For years, brick-and-mortar retailers have been complaining that online retailers (or e-tailers) have been exploiting an unfair advantage. Bill Hughes, an executive with the Retail Industry Leaders Association, says, “For too long the Main Street retailers that are an integral part of their communities have faced tax rules that put them at a disadvantage to their out-of-state, online-only competitors.” So what is this great advantage that e-tailers have? Sales taxes. Companies that do not have a physical presence in a state in which they sell are not required to collect sales tax on those purchases. Essentially, this means that every e-tailer has a natural 5% to 10% price advantage over brick-and-mortar stores.
That advantage, however, may soon be disappearing. The United States Senate recently approved a bill that would require e-tailers with more than $1 million in sales to collect sales tax. This would represent an incredible win for brick-and-mortar retailers like Target, JCPenney, and Best Buy, who have been struggling for years to compete with online stores. By collecting sales tax, the e-tailers’ automatic price advantage would be wiped out overnight, creating a more level playfield for all involved.
Led by eBay, a large number of small, online vendors are protesting this law, and have spent $2 million to lobby against it. They claim that small e-tailers cannot afford the staff or infrastructure that collecting sales taxes makes necessary. They argue, correctly, that it is not as simple as entering figures into a formula. Rather, they need to keep a separate set of records for each state—and also each municipality and county with different tax rates—that they make sales in, and then, either quarterly or monthly, file a return, again with each state, municipality, and county. How can a small company with a tiny staff, they argue, ever hope to keep up with the mountain of impending paperwork? Some small online sellers have already planned on reducing their inventory and sales to avoid the sales tax hurdle.
Traditional retailers, of course, are strong proponents of the online sales tax. So is, quite surprisingly, Amazon.com, which spent almost $3.5 million lobbying for the bill. Even with charging sales tax, Amazon has a significant price advantage over its competitors. But as the online retailer has grown, it has become more reliant on next-day delivery and has begun building distribution centers in numerous states. That means, it will have to start collecting taxes anyway in every location where it has a distribution location. Also, its warehouses and shipping centers are far more cost effective and efficient that brick-and-mortar stores. In short, retailers and smaller websites will never be cost competitive with Amazon, and so there is little reason for the e-commerce giant to oppose sales taxes.
1. Do you think taxing online purchases will help retailers restore competitive balance against online sites? What other advantages do e-tailers have that might make the issue of online sales tax irrelevant?

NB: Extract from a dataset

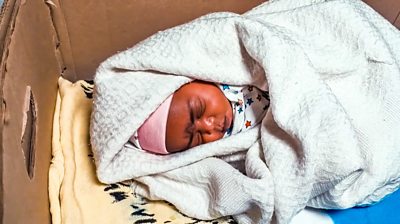 A newborn baby in a care box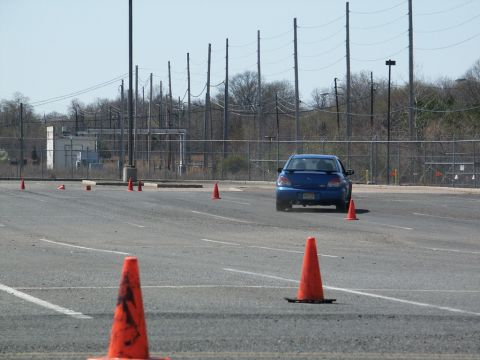 2001 Mercury Grand Marquis - A blue sedan drives through an autocross course with orange cones set up on a paved lot.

2. A big online store like Amazon would have little trouble dealing with the costs of collecting sales tax. Smaller sites, however, faces a tremendous staffing and work burden. One count indicates that there are over 6,000 taxing entities in the United States (states, territories, cities, counties, villages, and Indian Nations), each with different taxing structures. For smaller e-commerce companies, is forcing their annual sales to drop below $1 million a good option? What other options do they have to stay viable?